- Born: Merril Henry Williams October 26, 1912 Indianapolis, Indiana, U.S.
- Died: April 28, 1982 (aged 69) Richmond, Indiana, U.S.

Champ Car career
- 4 races run over 12 years
- First race: 1936 Indianapolis 500 (Indianapolis)
- Last race: 1948 Indianapolis 500 (Indianapolis)
| Wins | Podiums | Poles |
| 0 | 0 | 0 |

= Doc Williams (racing driver) =

American racing driver (1912–1982)

Merril Henry "Doc" Williams (October 26, 1912 – April 28, 1982) was an American racing driver.

== Racing career ==

Williams attempted to qualify for the Indianapolis 500 every year from 1933 to 1941 but only succeeded in qualifying in 1936, 1940, and 1941. When the race returned in 1946 after the Second World War, Williams again failed to qualify.

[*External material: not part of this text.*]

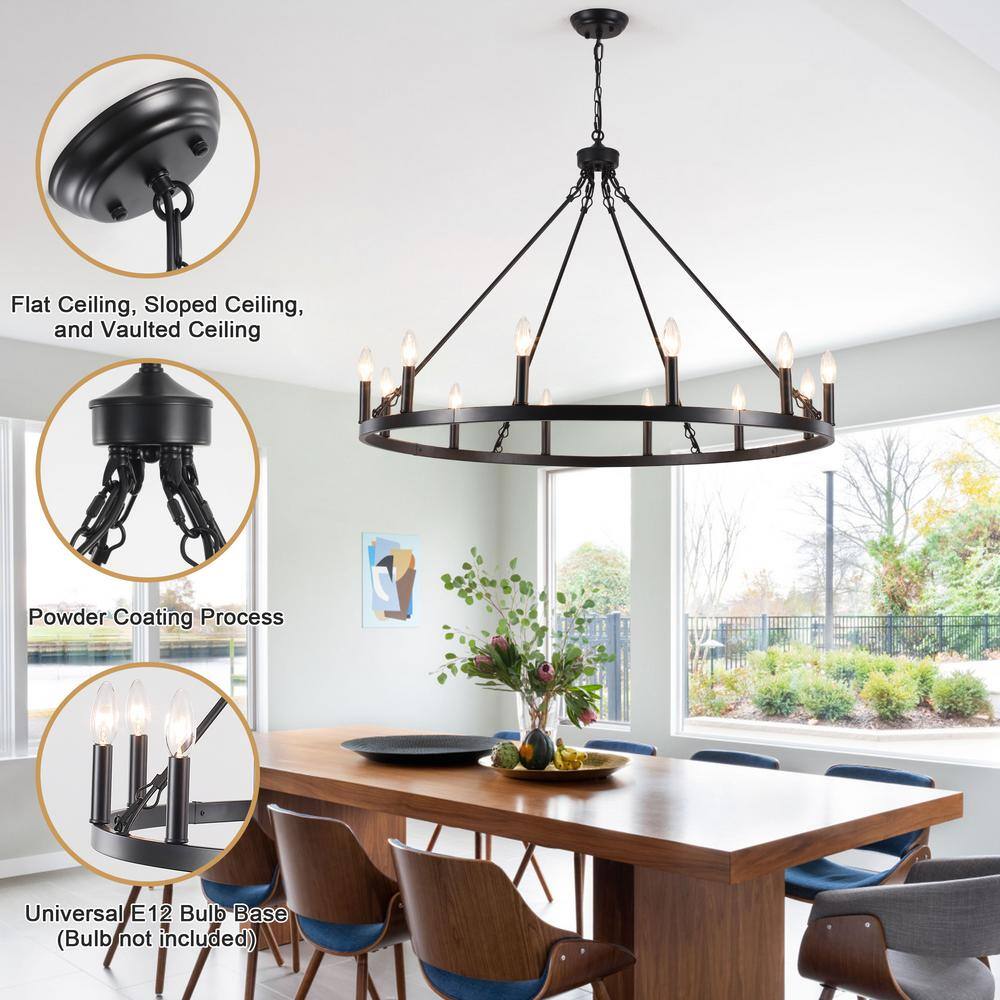 Matte Black 12-Light Candle Wagon Wheel Chandelier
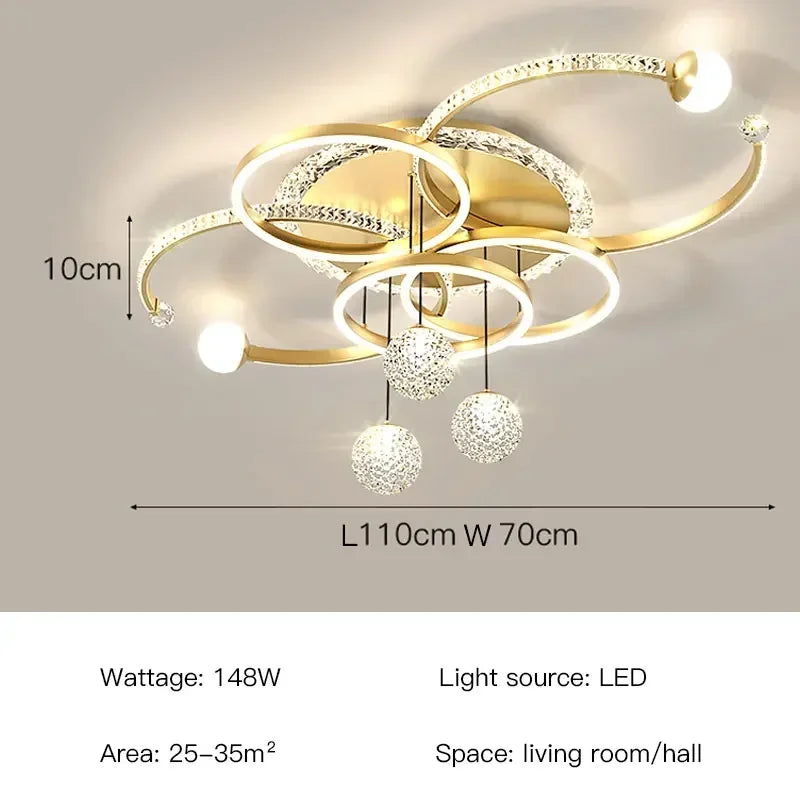 Living Room Ceiling Lamps Modern Intelligent LED Chandeliers For Resturant Kitchen Bedroom Lighting Home Decor Luster Luminaire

In 1947, he qualified a Novi powered Kurtis but it was driven by Herb Ardinger, who finished fpurth, completing all 200 laps. He qualified again in 1948 but was knocked out of the race after 19 laps. He failed to qualify in 1949 and it was the end of his Championship car career. Williams did not attempt to qualify for any Championship Car races other than the Indianapolis 500.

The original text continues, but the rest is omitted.